We are Tri-Cities Leadnow and we have been inspired by the Chain of Hope. Who could fail to be moved by the women, mostly Elders, of the Gitga’at Nation, who toiled long hours weaving a net of colourful yarn and memories to span the Douglas Channel and who surged their canoes across the rollicking waters in order to decree “No Tankers,” would be allowed to threaten their homes and ways of life? Massive respect is owed to the First Nations and Indigenous peoples who are on the frontlines of climate change and destructive extractive projects that threaten our province, our country, and “sacrifice zones” all over the world.

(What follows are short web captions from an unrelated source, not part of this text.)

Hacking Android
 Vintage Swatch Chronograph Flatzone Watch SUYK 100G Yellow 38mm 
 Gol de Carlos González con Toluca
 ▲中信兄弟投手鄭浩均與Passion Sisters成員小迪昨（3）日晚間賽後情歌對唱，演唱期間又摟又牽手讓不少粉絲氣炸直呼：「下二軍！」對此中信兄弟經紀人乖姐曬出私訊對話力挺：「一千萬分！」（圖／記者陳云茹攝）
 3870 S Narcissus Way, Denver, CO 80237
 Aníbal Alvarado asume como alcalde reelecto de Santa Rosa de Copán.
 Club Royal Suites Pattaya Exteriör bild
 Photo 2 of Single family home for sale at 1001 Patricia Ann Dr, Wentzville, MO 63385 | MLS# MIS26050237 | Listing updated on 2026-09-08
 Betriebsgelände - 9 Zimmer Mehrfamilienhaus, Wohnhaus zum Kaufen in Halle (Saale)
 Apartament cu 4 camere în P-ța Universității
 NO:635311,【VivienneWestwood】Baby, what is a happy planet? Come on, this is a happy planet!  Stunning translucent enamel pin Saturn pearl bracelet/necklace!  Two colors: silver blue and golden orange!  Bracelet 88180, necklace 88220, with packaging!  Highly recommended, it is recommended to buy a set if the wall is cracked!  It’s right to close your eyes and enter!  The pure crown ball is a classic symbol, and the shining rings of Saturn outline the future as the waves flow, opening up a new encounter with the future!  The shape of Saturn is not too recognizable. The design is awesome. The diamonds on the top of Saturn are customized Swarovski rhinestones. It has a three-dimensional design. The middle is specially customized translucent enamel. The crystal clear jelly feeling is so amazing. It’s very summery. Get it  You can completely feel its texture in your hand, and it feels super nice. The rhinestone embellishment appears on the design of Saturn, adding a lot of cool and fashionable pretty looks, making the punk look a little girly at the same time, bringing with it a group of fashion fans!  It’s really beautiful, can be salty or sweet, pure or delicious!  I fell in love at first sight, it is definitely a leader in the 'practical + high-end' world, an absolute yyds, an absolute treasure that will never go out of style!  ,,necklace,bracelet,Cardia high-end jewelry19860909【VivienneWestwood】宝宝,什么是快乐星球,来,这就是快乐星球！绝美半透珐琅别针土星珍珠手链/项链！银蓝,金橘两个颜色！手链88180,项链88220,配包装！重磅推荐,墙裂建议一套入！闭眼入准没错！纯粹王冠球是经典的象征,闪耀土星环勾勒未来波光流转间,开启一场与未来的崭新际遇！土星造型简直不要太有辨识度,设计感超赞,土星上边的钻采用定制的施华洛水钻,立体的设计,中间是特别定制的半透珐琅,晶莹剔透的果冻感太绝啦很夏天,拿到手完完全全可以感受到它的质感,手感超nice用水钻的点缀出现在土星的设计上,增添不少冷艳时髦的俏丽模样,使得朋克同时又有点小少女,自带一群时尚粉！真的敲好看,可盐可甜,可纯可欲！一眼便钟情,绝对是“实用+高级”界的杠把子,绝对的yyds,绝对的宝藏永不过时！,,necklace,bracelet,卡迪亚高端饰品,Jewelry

Many Canadians feel that legal challenges by the original stewards of the land are really our best hope of saving the planet. So, when we heard about #ShutDownCanada, a national day of action, February 13th, 2015, organized by and in solidarity with First Nations movements, demanding the government let First Nations Elders oversee independent investigations into the missing and murdered Aboriginal women, as well as the disastrous Mount Polley tailings pond breach, among other issues, we asked permission to hold a knit-in. Yup, a knit-in for the future– that’s the level of radical rebellion you’re dealing with.

We wanted to weave together a vision of a healthy, sustainable future with no pipelines, no tankers, and no fracking. More than that we wanted to knit the community together and tell our government it is time to untangle our country from destructive industries and human rights violations. What better place to start than the shores of Port Moody, curled cozily into the water and mountains, where not so long ago our neighbours in Burnaby were blanketed by approximately 234,000 litres of crude oil from a split pipeline which Kinder Morgan wants to twin?

To add more love and ravel-ry to our day, we invited the Raging Grannies from Maple Ridge to join us, those rockstar matrons who span North America to protect peace, justice, and the environmental way (basically the Justice League with more songs and aprons). Imagine our surprise when we learned that the grannies didn’t know how to knit – we did promise to teach them anyone else who wanted to learn!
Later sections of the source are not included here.